The other actions followed a similar pattern. The largest of these, the Battle of Medina Ridge, pitted the 2nd brigade of the U.S. 1st Armored against the 2nd brigade of the Medina Luminous division. In 40 minutes of fighting, the U.S. brigade annihilated the Iraqi armor in place, took 55 Iraqis prisoner, and killed another 340. No U.S. casualties were suffered. At Objective Norfolk, two battalions of the U.S. 1st Infantry division destroyed more than 100 armored vehicles of the Iraqi Tawakalna and 12th Armored divisions with the loss of two U.S. Bradleys. In the Battle for the Wadi Al Batin, a battalion of the U.S. 3rd Armored division wiped out an Iraqi brigade, killing more than 160 armored vehicles while losing less than a half dozen of its own.
By the morning of February 27, the Iraqi blocking force had been effectively wiped out. In all, VII Corps destroyed as many as 1,350 Iraqi tanks, 1,224 armored troop carriers, 285 artillery pieces, 105 air defense systems and 1,229 trucks. VII Corps itself, by contrast, lost no more than 36 armored vehicles to enemy fire, and suffered a total of only 47 dead and 192 wounded.
I didn't realize that we fought so many engagements against strong forces in 1991 with such incredible results. As the author points out, the loses suffered by our forces were low in an historically unprecedented way.
The Coalition's Gulf War loss rate was lower by at least a factor of ten than the Israelis' in the Six-Day War, or the British against the Italians in North Africa in 1941, or the Royal Marines against Argentine Army conscripts in 1982. Of course, it is hard to measure skill differentials precisely. But it is far from obvious that the difference between Coalition and Iraqi skills in 1991 dwarfs the imbalance between any of these armies. In each case the attacker enjoyed a major advantage in personnel quality and motivation, yet in no case were the attacker's losses anywhere near as low as during the Gulf War.

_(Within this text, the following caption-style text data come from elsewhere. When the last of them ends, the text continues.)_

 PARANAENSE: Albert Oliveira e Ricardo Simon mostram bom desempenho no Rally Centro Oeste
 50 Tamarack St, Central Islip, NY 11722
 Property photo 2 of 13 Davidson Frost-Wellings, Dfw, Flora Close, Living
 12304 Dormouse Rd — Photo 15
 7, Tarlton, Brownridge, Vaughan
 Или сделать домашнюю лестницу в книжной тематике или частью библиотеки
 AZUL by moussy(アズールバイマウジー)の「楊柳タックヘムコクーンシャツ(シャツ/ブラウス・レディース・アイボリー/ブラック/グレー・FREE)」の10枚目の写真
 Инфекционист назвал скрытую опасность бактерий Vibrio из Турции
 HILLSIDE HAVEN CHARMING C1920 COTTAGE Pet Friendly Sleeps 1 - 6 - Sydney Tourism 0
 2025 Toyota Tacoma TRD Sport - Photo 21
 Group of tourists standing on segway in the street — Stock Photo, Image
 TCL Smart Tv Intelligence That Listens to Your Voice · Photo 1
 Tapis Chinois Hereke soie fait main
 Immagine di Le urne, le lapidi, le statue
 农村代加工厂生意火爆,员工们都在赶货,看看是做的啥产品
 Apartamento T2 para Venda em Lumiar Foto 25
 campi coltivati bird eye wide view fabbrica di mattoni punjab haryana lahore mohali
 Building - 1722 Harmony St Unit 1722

Dr. Biddle argues that superior training by the U.S. Forces, coupled with superior equipment combined with poor training by the Iraqi army led to these incredible margins of victory (remember, this is the 1991 war). Based on losses so far in 2003, it is clear that the differential in training between our soldiers and Iraqi soldiers has widened.
Here is another essay by Dr. Biddle on the Afghanistan War.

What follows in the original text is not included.